=== Begin Enclosure ===

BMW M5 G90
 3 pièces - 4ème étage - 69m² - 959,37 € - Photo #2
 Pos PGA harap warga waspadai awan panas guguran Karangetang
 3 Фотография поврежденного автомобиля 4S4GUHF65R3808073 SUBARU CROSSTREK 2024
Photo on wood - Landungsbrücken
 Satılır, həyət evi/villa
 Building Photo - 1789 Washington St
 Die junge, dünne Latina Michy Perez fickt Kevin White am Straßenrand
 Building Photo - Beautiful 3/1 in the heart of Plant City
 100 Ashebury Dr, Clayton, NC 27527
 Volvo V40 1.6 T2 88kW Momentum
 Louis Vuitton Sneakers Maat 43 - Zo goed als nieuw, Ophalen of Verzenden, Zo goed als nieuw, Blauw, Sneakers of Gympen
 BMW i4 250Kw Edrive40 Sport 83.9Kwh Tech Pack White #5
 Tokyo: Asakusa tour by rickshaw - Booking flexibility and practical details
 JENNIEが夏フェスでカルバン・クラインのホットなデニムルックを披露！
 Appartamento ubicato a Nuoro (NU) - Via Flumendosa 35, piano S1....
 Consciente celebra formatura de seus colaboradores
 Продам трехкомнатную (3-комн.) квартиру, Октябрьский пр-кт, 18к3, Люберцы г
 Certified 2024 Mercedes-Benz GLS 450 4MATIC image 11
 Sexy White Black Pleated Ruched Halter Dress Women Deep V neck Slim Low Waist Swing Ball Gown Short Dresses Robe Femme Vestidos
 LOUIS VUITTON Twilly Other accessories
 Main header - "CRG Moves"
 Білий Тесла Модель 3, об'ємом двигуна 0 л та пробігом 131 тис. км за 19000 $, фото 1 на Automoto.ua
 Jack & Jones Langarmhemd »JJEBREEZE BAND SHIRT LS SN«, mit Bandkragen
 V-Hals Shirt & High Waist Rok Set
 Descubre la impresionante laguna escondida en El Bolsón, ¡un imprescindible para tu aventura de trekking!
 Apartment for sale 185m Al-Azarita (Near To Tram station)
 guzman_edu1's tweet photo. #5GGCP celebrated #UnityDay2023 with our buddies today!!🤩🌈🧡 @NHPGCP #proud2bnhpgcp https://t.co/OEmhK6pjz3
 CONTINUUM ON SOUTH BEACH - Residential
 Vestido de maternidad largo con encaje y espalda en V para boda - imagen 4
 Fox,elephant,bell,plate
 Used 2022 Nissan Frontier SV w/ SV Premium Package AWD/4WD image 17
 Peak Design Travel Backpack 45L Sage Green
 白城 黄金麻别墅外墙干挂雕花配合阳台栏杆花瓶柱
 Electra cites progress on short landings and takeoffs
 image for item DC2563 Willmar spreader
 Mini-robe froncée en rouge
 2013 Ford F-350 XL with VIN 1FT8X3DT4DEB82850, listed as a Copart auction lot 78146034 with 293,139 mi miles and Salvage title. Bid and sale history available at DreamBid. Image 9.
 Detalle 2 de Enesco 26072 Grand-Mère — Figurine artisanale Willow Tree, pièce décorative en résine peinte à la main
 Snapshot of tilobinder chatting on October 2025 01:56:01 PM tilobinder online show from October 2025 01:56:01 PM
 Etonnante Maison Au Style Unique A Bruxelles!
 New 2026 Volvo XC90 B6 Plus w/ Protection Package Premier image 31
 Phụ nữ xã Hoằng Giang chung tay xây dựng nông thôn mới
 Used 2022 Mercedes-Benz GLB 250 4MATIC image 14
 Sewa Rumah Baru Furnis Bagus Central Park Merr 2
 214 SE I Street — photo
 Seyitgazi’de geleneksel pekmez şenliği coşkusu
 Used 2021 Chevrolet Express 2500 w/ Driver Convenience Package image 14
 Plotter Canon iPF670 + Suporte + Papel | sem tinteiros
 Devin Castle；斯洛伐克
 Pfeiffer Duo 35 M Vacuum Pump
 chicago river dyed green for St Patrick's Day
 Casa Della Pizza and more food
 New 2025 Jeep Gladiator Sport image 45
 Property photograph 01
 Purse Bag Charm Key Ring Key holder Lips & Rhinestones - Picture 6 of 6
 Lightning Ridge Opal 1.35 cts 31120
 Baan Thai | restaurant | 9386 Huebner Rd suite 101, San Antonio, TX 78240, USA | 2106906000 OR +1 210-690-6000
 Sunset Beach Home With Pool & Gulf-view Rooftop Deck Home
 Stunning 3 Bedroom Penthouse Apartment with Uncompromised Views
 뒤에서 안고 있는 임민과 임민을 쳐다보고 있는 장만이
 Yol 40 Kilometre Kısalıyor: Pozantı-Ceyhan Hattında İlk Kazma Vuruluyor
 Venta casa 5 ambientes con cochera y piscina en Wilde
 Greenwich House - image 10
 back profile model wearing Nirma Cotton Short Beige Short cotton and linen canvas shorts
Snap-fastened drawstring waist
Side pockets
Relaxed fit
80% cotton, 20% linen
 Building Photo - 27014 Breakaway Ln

=== End Enclosure ===

Description of the task: From the records above, extract every entry exactly as given.

Answer to this task:
BMW M5 G90
 3 pièces - 4ème étage - 69m² - 959,37 € - Photo #2
 Pos PGA harap warga waspadai awan panas guguran Karangetang
 3 Фотография поврежденного автомобиля 4S4GUHF65R3808073 SUBARU CROSSTREK 2024
Photo on wood - Landungsbrücken
 Satılır, həyət evi/villa
 Building Photo - 1789 Washington St
 Die junge, dünne Latina Michy Perez fickt Kevin White am Straßenrand
 Building Photo - Beautiful 3/1 in the heart of Plant City
 100 Ashebury Dr, Clayton, NC 27527
 Volvo V40 1.6 T2 88kW Momentum
 Louis Vuitton Sneakers Maat 43 - Zo goed als nieuw, Ophalen of Verzenden, Zo goed als nieuw, Blauw, Sneakers of Gympen
 BMW i4 250Kw Edrive40 Sport 83.9Kwh Tech Pack White #5
 Tokyo: Asakusa tour by rickshaw - Booking flexibility and practical details
 JENNIEが夏フェスでカルバン・クラインのホットなデニムルックを披露！
 Appartamento ubicato a Nuoro (NU) - Via Flumendosa 35, piano S1....
 Consciente celebra formatura de seus colaboradores
 Продам трехкомнатную (3-комн.) квартиру, Октябрьский пр-кт, 18к3, Люберцы г
 Certified 2024 Mercedes-Benz GLS 450 4MATIC image 11
 Sexy White Black Pleated Ruched Halter Dress Women Deep V neck Slim Low Waist Swing Ball Gown Short Dresses Robe Femme Vestidos
 LOUIS VUITTON Twilly Other accessories
 Main header - "CRG Moves"
 Білий Тесла Модель 3, об'ємом двигуна 0 л та пробігом 131 тис. км за 19000 $, фото 1 на Automoto.ua
 Jack & Jones Langarmhemd »JJEBREEZE BAND SHIRT LS SN«, mit Bandkragen
 V-Hals Shirt & High Waist Rok Set
 Descubre la impresionante laguna escondida en El Bolsón, ¡un imprescindible para tu aventura de trekking!
 Apartment for sale 185m Al-Azarita (Near To Tram station)
 guzman_edu1's tweet photo. #5GGCP celebrated #UnityDay2023 with our buddies today!!🤩🌈🧡 @NHPGCP #proud2bnhpgcp https://t.co/OEmhK6pjz3
 CONTINUUM ON SOUTH BEACH - Residential
 Vestido de maternidad largo con encaje y espalda en V para boda - imagen 4
 Fox,elephant,bell,plate
 Used 2022 Nissan Frontier SV w/ SV Premium Package AWD/4WD image 17
 Peak Design Travel Backpack 45L Sage Green
 白城 黄金麻别墅外墙干挂雕花配合阳台栏杆花瓶柱
 Electra cites progress on short landings and takeoffs
 image for item DC2563 Willmar spreader
 Mini-robe froncée en rouge
 2013 Ford F-350 XL with VIN 1FT8X3DT4DEB82850, listed as a Copart auction lot 78146034 with 293,139 mi miles and Salvage title. Bid and sale history available at DreamBid. Image 9.
 Detalle 2 de Enesco 26072 Grand-Mère — Figurine artisanale Willow Tree, pièce décorative en résine peinte à la main
 Snapshot of tilobinder chatting on October 2025 01:56:01 PM tilobinder online show from October 2025 01:56:01 PM
 Etonnante Maison Au Style Unique A Bruxelles!
 New 2026 Volvo XC90 B6 Plus w/ Protection Package Premier image 31
 Phụ nữ xã Hoằng Giang chung tay xây dựng nông thôn mới
 Used 2022 Mercedes-Benz GLB 250 4MATIC image 14
 Sewa Rumah Baru Furnis Bagus Central Park Merr 2
 214 SE I Street — photo
 Seyitgazi’de geleneksel pekmez şenliği coşkusu
 Used 2021 Chevrolet Express 2500 w/ Driver Convenience Package image 14
 Plotter Canon iPF670 + Suporte + Papel | sem tinteiros
 Devin Castle；斯洛伐克
 Pfeiffer Duo 35 M Vacuum Pump
 chicago river dyed green for St Patrick's Day
 Casa Della Pizza and more food
 New 2025 Jeep Gladiator Sport image 45
 Property photograph 01
 Purse Bag Charm Key Ring Key holder Lips & Rhinestones - Picture 6 of 6
 Lightning Ridge Opal 1.35 cts 31120
 Baan Thai | restaurant | 9386 Huebner Rd suite 101, San Antonio, TX 78240, USA | 2106906000 OR +1 210-690-6000
 Sunset Beach Home With Pool & Gulf-view Rooftop Deck Home
 Stunning 3 Bedroom Penthouse Apartment with Uncompromised Views
 뒤에서 안고 있는 임민과 임민을 쳐다보고 있는 장만이
 Yol 40 Kilometre Kısalıyor: Pozantı-Ceyhan Hattında İlk Kazma Vuruluyor
 Venta casa 5 ambientes con cochera y piscina en Wilde
 Greenwich House - image 10
 back profile model wearing Nirma Cotton Short Beige Short cotton and linen canvas shorts
Snap-fastened drawstring waist
Side pockets
Relaxed fit
80% cotton, 20% linen
 Building Photo - 27014 Breakaway Ln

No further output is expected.